Prima ancora che da ragioni di trasparenza, la necessità di una chiara descrizione dei costi preliminari e di quelli maturati nel corso della vita del rapporto discende, quindi, proprio dal diritto al rimborso delle prestazioni non maturate per la vita residua del contratto ai sensi dell’art. 125-sexies TUB. Il pieno ed effettivo esercizio del diritto all’estinzione anticipata del finanziamento e alla «riduzione del costo totale del credito, pari all’importo degli interessi e dei costi dovuti per la vita residua del contratto» (art. 125- sexies TUB) presuppone, infatti, la preventiva e distinta indicazione dei costi sopportati dal cliente per le attività preliminari alla conclusione del contratto (up front) e per la successiva gestione del contratto (recurring), con modalità tali da consentire al cliente (e al giudice) di verificare ex ante l’effettiva corrispondenza tra le attività prestate (e che saranno prestate) dall’intermediario (e dagli altri soggetti solitamente coinvolti nell’operazione di finanziamento), da un lato, e la natura alle stesse attribuita nel contratto, dall’altro lato.
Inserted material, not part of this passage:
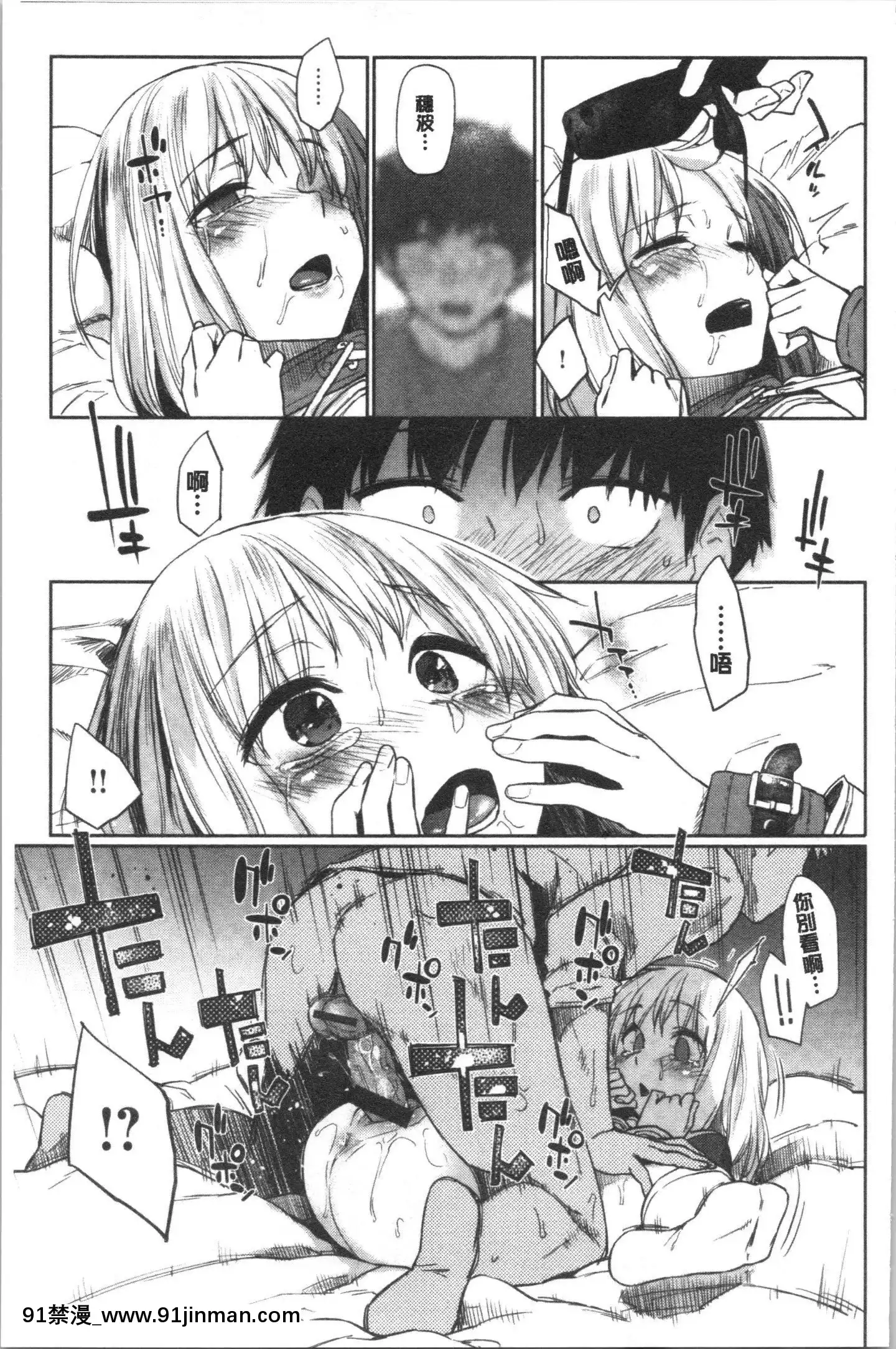 [4K漢化組][えーすけ]DOLLS純肉體関係[令和 18禁]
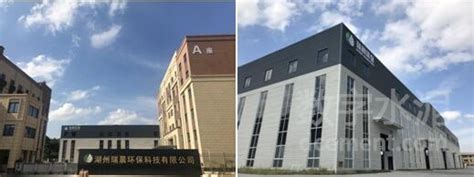 上海瑞晨环保湖州工厂现已正式投产 - CCA数字水泥网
Occorre, pertanto, che la distinzione tra costi up front e costi recurring si accompagni necessariamente ad una, seppur sintetica, indicazione delle caratteristiche oggettive delle voci di costo, tale da consentire al cliente (e al giudice) di individuare (e, nel caso, riqualificare) la natura dei costi indicati, indipendentemente dal nomen juris impiegato. La mancanza di alcuna indicazione sulle caratteristiche obiettive delle attività corrispondenti alle voci di costo impedisce, infatti, ogni verifica sulla effettiva natura dei costi anticipatamente sostenuti dal cliente, precludendo anche quel controllo sulla eventuale
«finalità elusiva che si avrebbe nel caso in cui le clausole cercassero di camuffare come
up-front costi che sono all’evidenza recurring», confermato dalla stessa decisione richiamata dall’intermediario resistente (Collegio di Milano decisione n. 7112/2014). L’impossibilità oggettiva di procedere ad alcuna verifica sulla natura e la tipologia delle attività prestate non consente di escludere, in definitiva, l’eventualità che, per effetto di una indicazione non adeguata e, pertanto, opaca delle voci di costo, possano essere trattenuti corrispettivi di servizi e attività, in realtà, non erogati, in violazione di quanto previsto dall’art. 125-sexies TUB, che attribuisce al consumatore il diritto di ricevere, in ogni caso, una riduzione del costo totale del credito «pari all’importo (…) dei costi dovuti per la vita residua del contratto».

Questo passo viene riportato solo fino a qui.